What to work on:
Lower down are entries containing pictures. Copy exactly, without those pictures, the lines from the line with "Aerial view showing" through the line with "936 Rocky Point".

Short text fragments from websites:
######

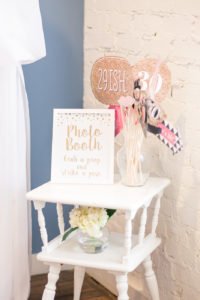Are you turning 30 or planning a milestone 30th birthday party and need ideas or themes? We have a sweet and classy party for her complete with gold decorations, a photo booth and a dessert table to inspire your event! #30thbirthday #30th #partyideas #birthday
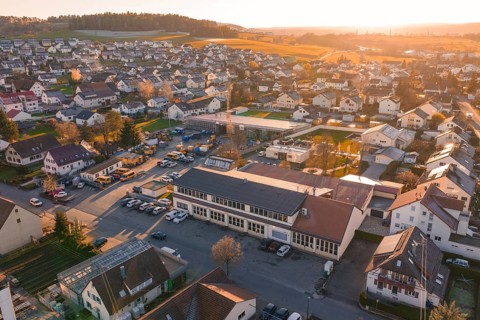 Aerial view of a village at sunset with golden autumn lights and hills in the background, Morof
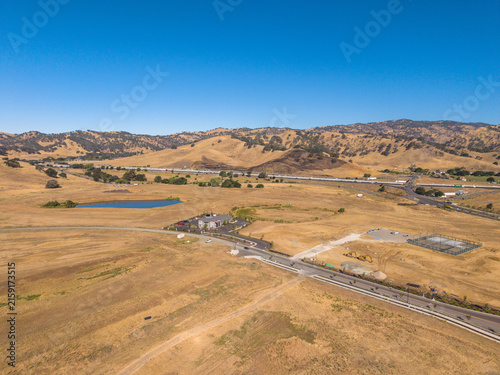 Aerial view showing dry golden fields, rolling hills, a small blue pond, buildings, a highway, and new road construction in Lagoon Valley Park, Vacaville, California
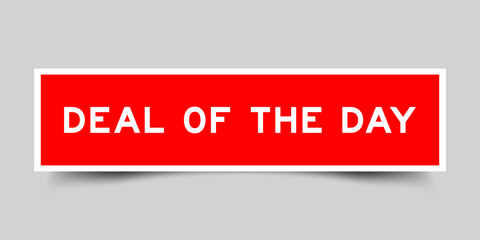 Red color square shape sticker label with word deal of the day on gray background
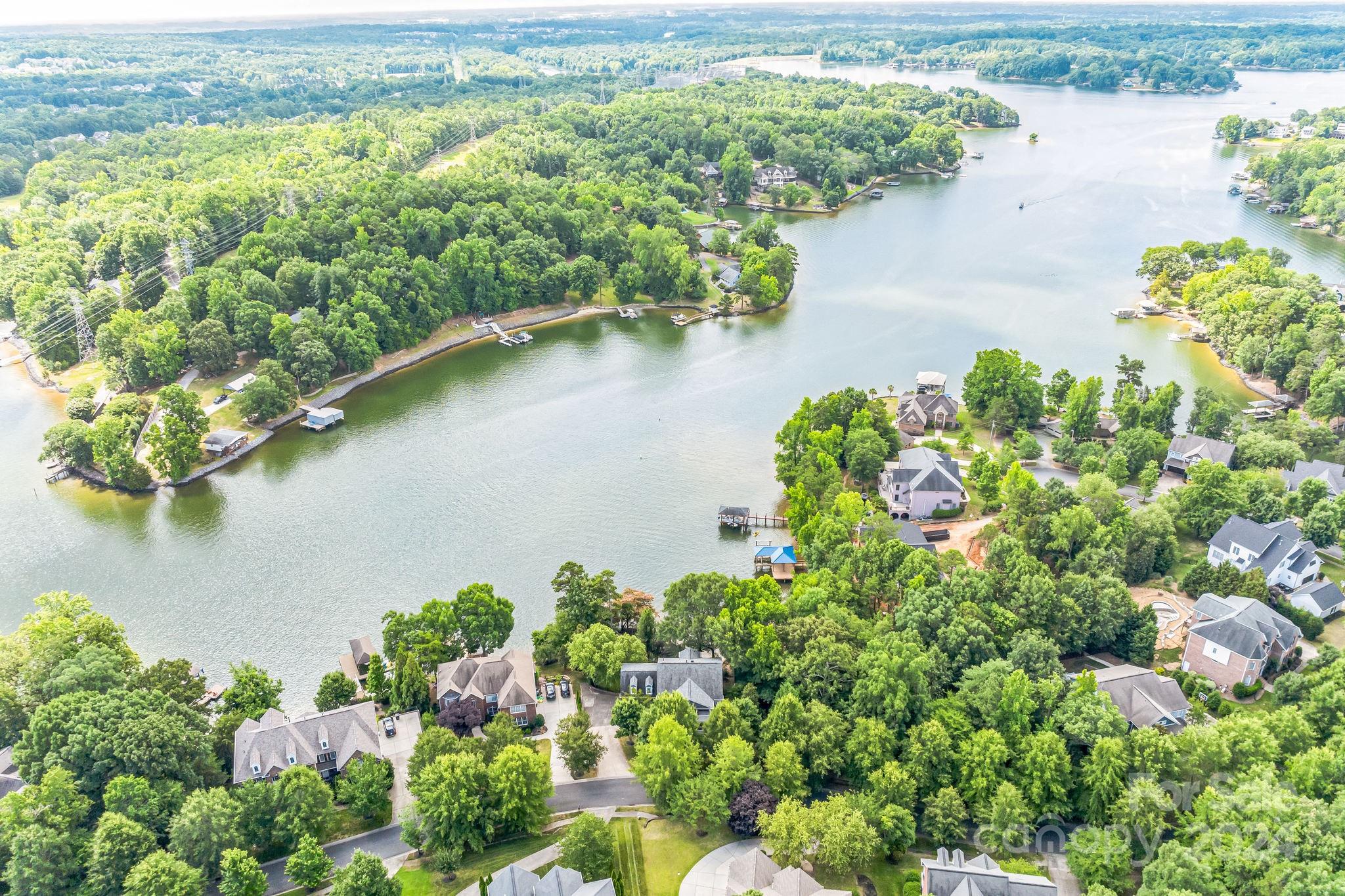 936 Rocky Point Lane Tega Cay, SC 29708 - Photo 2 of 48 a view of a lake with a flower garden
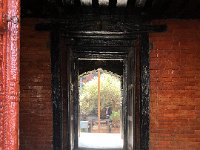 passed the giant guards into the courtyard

######

Solution for this task:
 Aerial view showing dry golden fields, rolling hills, a small blue pond, buildings, a highway, and new road construction in Lagoon Valley Park, Vacaville, California
 Red color square shape sticker label with word deal of the day on gray background
 936 Rocky Point Lane Tega Cay, SC 29708 - Photo 2 of 48 a view of a lake with a flower garden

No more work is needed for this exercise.